Reproduce your previous plot of y
versus x
, with the x limit set to be from -1 to 1, and the y limit set to be from -5 to 5. Add the curve \(y = x^3\) to the plot, using lines()
, and have the curve be drawn in red with twice the normal thickness: recall the arguments col
, lwd
. Also add a straight horizontal line at 0 to the plot, using abline()
, and have the line be dashed: recall lty
.
The legend()
function, recall, adds a legend to an existing plot. In the “Adding to Plots” mini-lecture, we just set lty
to a single number, but lty
, lwd
, pch
, and col
can all be vectors, whose length is equal to the length of the legend
argument (if any of these are shorter, then they are recycled). They are used to indicate the symbols that should be matched to the text in legend
. So, e.g.,
plot(1:10, 1:10, type="o")
legend("topleft", legend=c("Point", "Line"), pch=c(21, NA), lty=c(NA, 1))
produces a legend with the first symbol being a point, and the second symbol a line. Now, reproduce the plot in the previous question, then add a legend to the top left corner. The legend text should be: “Data”, “Mean”, “Baseline”. The symbols corresponding to this text should be: an empty black circle, a thick red line, a dashed black line, respectively.
Hw3 Q3 (6 points). Produce a layered plot of y
versus x
, but with a gray tube displayed underneath the points. Specifically, this tube is defined by filling in the space between the two curves lines(x, x^3 + qnorm(0.10))
and lines(x, x^3 + qnorm(0.90))
. (Hint: use polygon()
; this function requires that the x coordinates of the polygon be passed in an appropriate order; you might find it useful to set use c(x, rev(x))
for the x coordinates.) Lastly, add a legend to the bottom right corner of the plot, with the text: “Data”, “Confidence band”, and corresponding symbols: an empty circle, a very thick gray line, respectively.

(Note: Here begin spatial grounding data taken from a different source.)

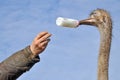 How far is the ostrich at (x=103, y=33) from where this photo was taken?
9.56 m

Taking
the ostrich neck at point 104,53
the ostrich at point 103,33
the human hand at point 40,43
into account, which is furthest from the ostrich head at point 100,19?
the human hand at point 40,43

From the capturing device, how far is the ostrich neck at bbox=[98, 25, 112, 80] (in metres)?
9.41

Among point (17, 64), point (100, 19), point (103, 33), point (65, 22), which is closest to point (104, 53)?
point (103, 33)

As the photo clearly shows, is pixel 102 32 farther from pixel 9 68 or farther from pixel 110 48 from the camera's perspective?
pixel 9 68

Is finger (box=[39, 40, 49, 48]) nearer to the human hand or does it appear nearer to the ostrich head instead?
the human hand

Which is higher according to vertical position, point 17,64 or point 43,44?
point 43,44

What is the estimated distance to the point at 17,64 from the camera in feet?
16.3

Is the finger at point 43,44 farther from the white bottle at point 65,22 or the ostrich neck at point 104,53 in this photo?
the ostrich neck at point 104,53

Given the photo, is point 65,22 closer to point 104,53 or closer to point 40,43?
point 40,43

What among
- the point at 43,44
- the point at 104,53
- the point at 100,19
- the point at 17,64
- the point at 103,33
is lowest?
the point at 17,64

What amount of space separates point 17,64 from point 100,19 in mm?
5965

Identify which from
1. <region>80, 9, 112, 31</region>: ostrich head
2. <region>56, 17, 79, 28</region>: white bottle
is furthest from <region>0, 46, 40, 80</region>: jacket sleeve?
<region>80, 9, 112, 31</region>: ostrich head

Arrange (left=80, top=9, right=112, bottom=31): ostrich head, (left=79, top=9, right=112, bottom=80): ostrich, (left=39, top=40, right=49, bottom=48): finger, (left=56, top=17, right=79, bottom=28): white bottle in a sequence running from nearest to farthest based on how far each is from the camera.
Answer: (left=39, top=40, right=49, bottom=48): finger → (left=56, top=17, right=79, bottom=28): white bottle → (left=79, top=9, right=112, bottom=80): ostrich → (left=80, top=9, right=112, bottom=31): ostrich head

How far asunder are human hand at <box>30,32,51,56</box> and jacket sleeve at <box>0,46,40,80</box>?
0.06 metres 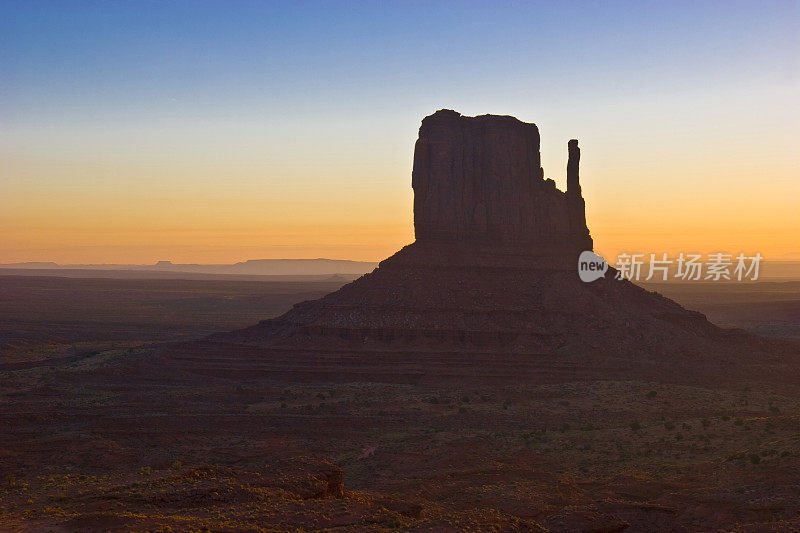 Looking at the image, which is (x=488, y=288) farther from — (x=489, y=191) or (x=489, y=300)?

sprint.tab = read.table("http://www.stat.cmu.edu/~ryantibs/statcomp-F16/data/sprint.dat",
sep="\t", quote="", header=TRUE)
head(sprint.tab)
## Rank Time Wind Name Country Birthdate City Date
## 1 1 9.58 0.9 Usain Bolt JAM 21.08.86 Berlin 16.08.2009
## 2 2 9.63 1.5 Usain Bolt JAM 21.08.86 London 05.08.2012
## 3 3 9.69 0.0 Usain Bolt JAM 21.08.86 Beijing 16.08.2008
## 4 3 9.69 2.0 Tyson Gay USA 09.08.82 Shanghai 20.09.2009
## 5 3 9.69 -0.1 Yohan Blake JAM 26.12.89 Lausanne 23.08.2012
## 6 6 9.71 0.9 Tyson Gay USA 09.08.82 Berlin 16.08.2009
Define sprint.times
to be the 2nd column of sprint.tab
. Define sprint.dates
to be the 8th column of sprint.tab
, converted into a character vector. Define sprint.years
to be a character vector, with the last 4 characters of each entry of sprint.dates
. (Hint: have you forgotten? Better not! Use substr()

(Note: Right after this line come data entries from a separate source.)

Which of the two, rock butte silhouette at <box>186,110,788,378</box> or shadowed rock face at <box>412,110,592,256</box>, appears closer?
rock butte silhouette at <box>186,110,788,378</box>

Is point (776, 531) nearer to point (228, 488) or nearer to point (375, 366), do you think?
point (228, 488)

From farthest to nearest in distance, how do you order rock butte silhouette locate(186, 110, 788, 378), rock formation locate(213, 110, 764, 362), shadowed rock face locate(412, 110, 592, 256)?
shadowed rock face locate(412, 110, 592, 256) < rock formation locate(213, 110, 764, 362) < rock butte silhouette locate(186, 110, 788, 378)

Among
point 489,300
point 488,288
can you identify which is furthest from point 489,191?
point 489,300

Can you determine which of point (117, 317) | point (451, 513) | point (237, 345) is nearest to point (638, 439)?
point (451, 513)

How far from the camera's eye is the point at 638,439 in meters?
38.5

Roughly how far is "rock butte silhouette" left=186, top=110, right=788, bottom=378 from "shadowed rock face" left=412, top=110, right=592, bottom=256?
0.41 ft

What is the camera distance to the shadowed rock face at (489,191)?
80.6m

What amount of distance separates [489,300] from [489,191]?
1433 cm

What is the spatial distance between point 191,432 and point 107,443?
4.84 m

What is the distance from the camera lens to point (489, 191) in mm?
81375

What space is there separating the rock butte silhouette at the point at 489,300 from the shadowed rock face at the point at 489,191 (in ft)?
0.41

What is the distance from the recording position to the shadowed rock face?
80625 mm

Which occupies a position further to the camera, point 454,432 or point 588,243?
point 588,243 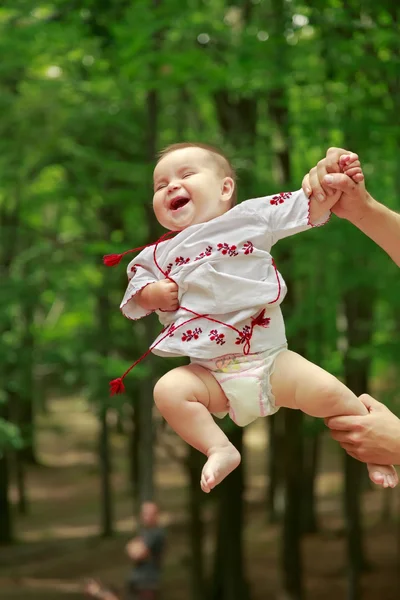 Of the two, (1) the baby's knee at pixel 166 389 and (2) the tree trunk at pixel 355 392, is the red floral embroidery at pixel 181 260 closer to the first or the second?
(1) the baby's knee at pixel 166 389

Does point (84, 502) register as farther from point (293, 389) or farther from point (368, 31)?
point (293, 389)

.) Finally, convert sprint.years
into a numeric vector.
Plot sprint.times
versus sprint.years
. For the point type, use small, filled black circles. Label the x-axis “Year” and the y-axis “Time (seconds)”. Title the plot “The 2829 fastest 100m sprint times”. Draw a dashed red horizontal line at 10 seconds. Below this line, draw in text on the plot “N men”, replacing “N” here by the number of men who have run under 10 seconds. (Hint: have you forgotten? Better not! Use paste()
.)
Hw3 Q4 (8 points). Reproduce the previous plot, but leaving off the last bit of text (of the form “N men”). Define sprint.names
to be the 4th column of sprint.tab
, converted into a character vector. Then draw on the plot large blue empty circles around the times ran by Usain Bolt. (Hint: use appropriate indexing based sprint.names
; and recall cex
.) Also, identify the first man to break 10 seconds, and draw a large green circle around his time. (Hint: it is probably easiest just to define sprint.times.10
, sprint.years.10
, sprint.names.10
to be subsets of sprint.times
, sprint.years
, sprint.names
, respectively, that correspond to the times under 10 seconds, and then work with the former set of vectors.) Lastly, add a legend to the bottom left corner of the plot, with legend text: “Usain Bolt”, and the name of the man who first broke 10 seconds, and corresponding symbols: a large blue empty circle, and a large green empty circle, respectively.